Because you have to start somewhere, or throw your hands up, give up, and go away.
I Would Use Master Performers in a FGP
I’d assemble a group of handpicked Master Performers who have been there and done that regarding Performed in a VUCA environment – plus other SMEs as appropriate – those who think they know something about that unknown future context. Handpicked by the client or better yet, a Project Steering Team. The client and key Stakeholders.
I’d use a FGP – a Facilitated Group Process – for speed and accuracy, completeness and appropriateness.
The traditional alternative is to conduct observations and review documents and then interview/talk to each person in series, rather than in parallel, and then review what the people before said, and get corrections, additions and subtractions – and then do that for another round, or several rounds, battling semantics and perspectives, etc. And battle one’s own ability to “get it” when it might be very nuanced.
And where experts can miss up to 70% of what’s needed because what they know is mostly (70%) nonconscious.
Not that they – the assembled – would be perfect in predicting and reacting to the VUCA future based on what they know (consciously and non-consciously).
But who else would you ask?
I’d ask them to battle it out live and synchronously – F2F or online – and frame the learning via my Lesson Mapping tools and techniques.
Start with a rough (fuzzy) Learning Objective that should look more like a Performance Objective (or KPI).
Then define the APPO (Application Exercises).
And continue the backwards-chaining to any DEMOs.
Determine which (if any) of the APPOs need to be preceded by a DEMO: “here’s an example of what were going to ask you to do next).
Because Being Forewarned is Forearmed.
Learners would appreciate that – except those who want to learn about dealing with VUCA in a totally VUCA manner.
Those with not only a great deal of Ambiguity Tolerance – but who thrive on it and strive for it in their daily lives. (I’m being facetious).
Then determine what INFO(s) are needed to prep the learner/Performer for the possible DEMO and the “for sure” APPO – rather than throw them into the deep end of the pool (so to speak) with an APPO all by itself.
Which is sometimes the exact strategy one should use. But not all of the time.
Chain-Chain-Chain. Chain of I-D-As.
As in INFOs-DEMOs-APPOs.

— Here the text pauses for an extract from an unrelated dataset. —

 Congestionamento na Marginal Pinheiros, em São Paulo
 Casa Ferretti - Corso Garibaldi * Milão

Successive sets (Sub-Rounds) each leading to greater and greater VUCA.
For fans of Sivasailam Thiagarajan (you know him as Thiagi) – you may recall that back in the day he’d always say, “All learning happens in the debriefing.”
That’s where he’d plan for and execute some “structured reflection” – although the casual observer might not see the structure.

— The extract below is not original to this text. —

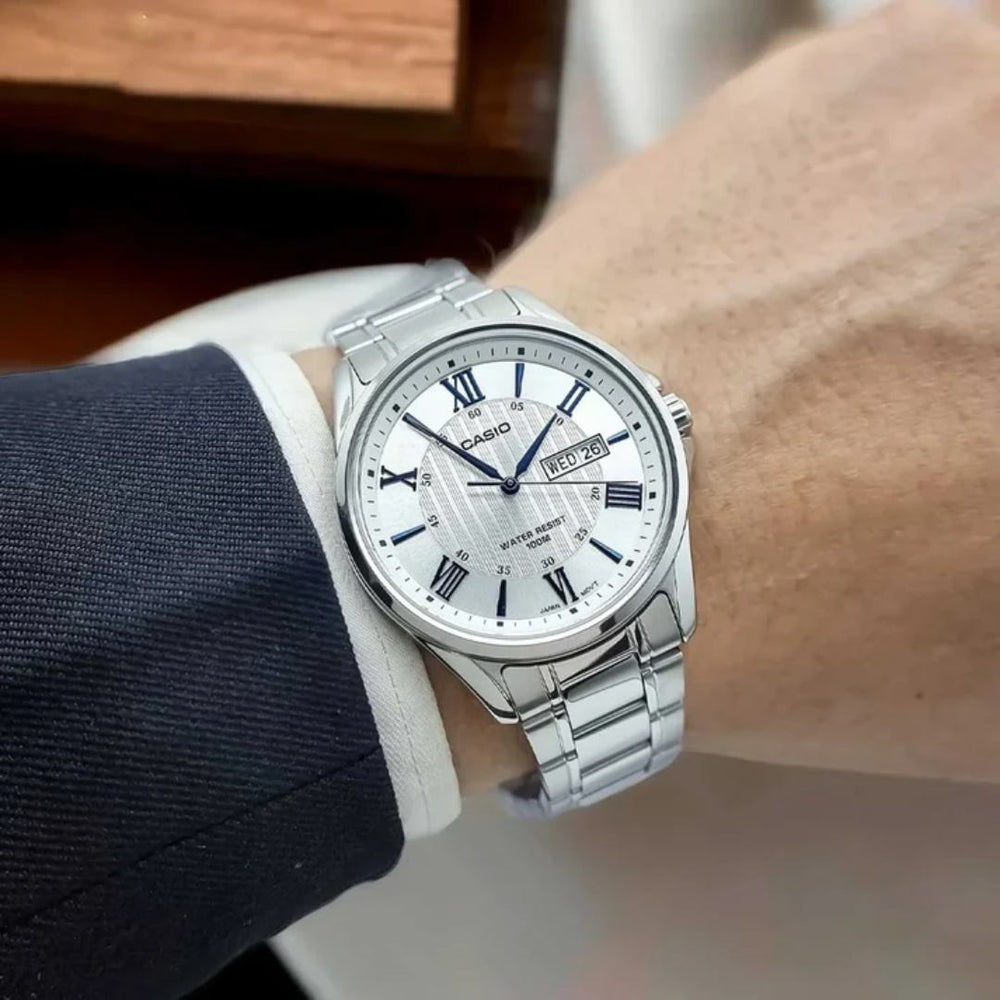 Vista lateral del Reloj Casio MTP-1384D-7A2 con brazalete de acero plateado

That Reflection might include additional “what if” extensions of the scenario of the APPO – or brand new scenarios for discussion and reflection.
The military calls these AARs – After Action Reviews. Call then whatever makes sense in your context – using the language of your business.
Once Is Often Not Enough
Not one chain of I-D-A within one Lesson. And not just One Lesson. And not all bunched up in one extended setting/one Lesson.
Rather, spaced-out, man. Rounds of Sub-Rounds.
And perhaps shorter Lessons of one chain of I-D-As, and of course appropriately spaced out … unlike what the above graphic might inadvertently imply.
Perhaps. Or – multiple chains of I-D-As exactly as the above graphic might inadvertently imply.
Because … as Buzz likes to remind me/us: “As always – it depends.”
I’d Let the Master Performers Make Those Design Decisions
Not that they’d be perfect. But who else would you ask?
And then I’d Pilot-Test and Evaluate. And Continuously Improve.